Wer in der Demokratie schläft, wacht in der Diktatur auf

13.09.2004 | Thomas Maurer

Sollen wir wieder einmal für die (Rohstoff)Interessen fremder Herren unsere Söhne und nun auch unsere Töchter auf die Kriege der Zukunft vorbereiten? Vergangenheit wie auch Gegenwart zeigen immer wieder, daß Kriege die Anliegen der Völker nicht befördern, sondern nur Not und Elend bringen (und Profite für einige wenige).

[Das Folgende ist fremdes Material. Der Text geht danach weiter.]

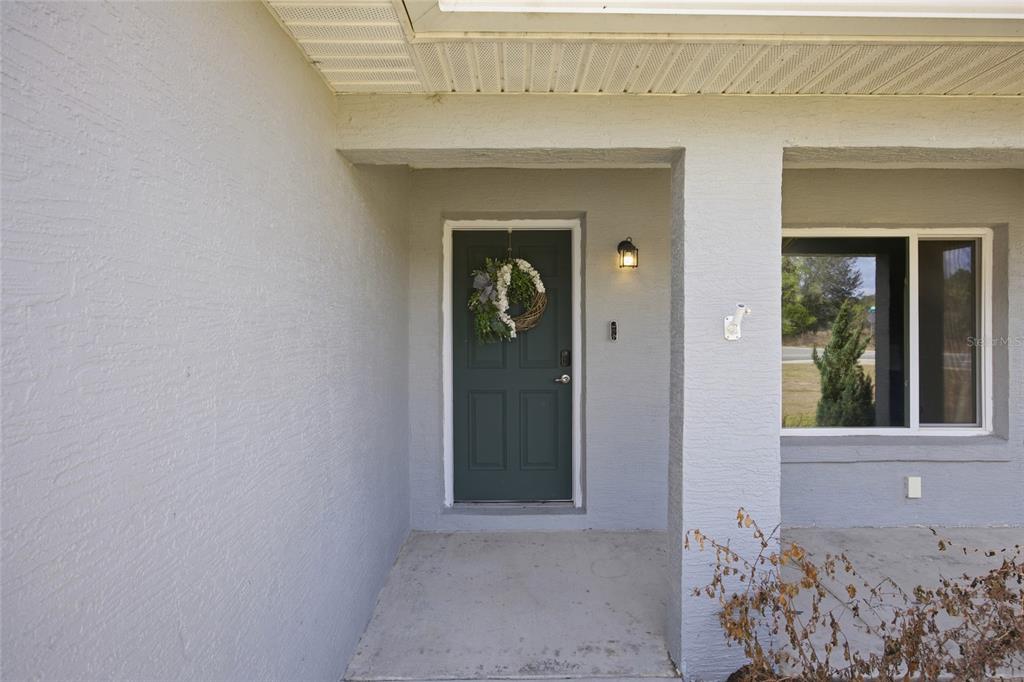 224 Fisher Road Ocklawaha, FL 32179 - Photo 4 of 34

Einen Grundstock dafür legen auch Videospiele und -filme, die unsere Kinder gewalttätig machen. Warum läßt man die Eltern, aber auch Kinder und Jugendliche so im Stich und überflutet sie mit gewaltverherrlichenden Vorbildern, zeigt zu Unterhaltungszwecken die Abschlachtung ganzer Bevölkerungsgruppen? Hier werden Tötungshemmungen abgebaut und extremistischen Haltungen der Boden bereitet. Zudem: Wer den Kosovo-Krieg richtigerweise als rechtswidrigen Angriffskrieg kritisiert, darf den Völkermord in Tschetschnien nicht vergessen bzw. nicht dazu schweigen.

Ich bin weiterhin der Ansicht, daß nicht allein die Parteien zu regieren haben, also eine Parteienherrschaft in einem demokratischen Staat nichts zu suchen hat. Vielmehr sollten Politiker lediglich Beauftragte des Bürgerwillens sein, was meiner Ansicht nach schon seit längerem im Gegensatz zum Auftrag des Grundgesetztes nicht mehr gegeben ist. Wenn immer wieder von Gedanken- und Meinungsfreiheit die Rede ist, so ist es doch unerträglich, wie abfällig diverse politische Kreise über die sogenannten Stammtische sprechen. Werden wir dadurch nicht zu unmündigen Kindern erklärt, die als bloße Steigbügelhalter der jeweiligen Machthaber ihre Stimme abgeben dürfen? Desgleichen stört mich das fast zwanghaft anmutende Ansinnen von Parteifunktionären an uns Bürger, daß offensichtlich einzig die Mitgliedschaft in einer Partei den (formierten) Rahmen für politische Teilhabe bieten soll. Das ist ein demokratiefeindlicher Absolutheitsanspruch, gegen den wir uns deutlich verwahren müssen.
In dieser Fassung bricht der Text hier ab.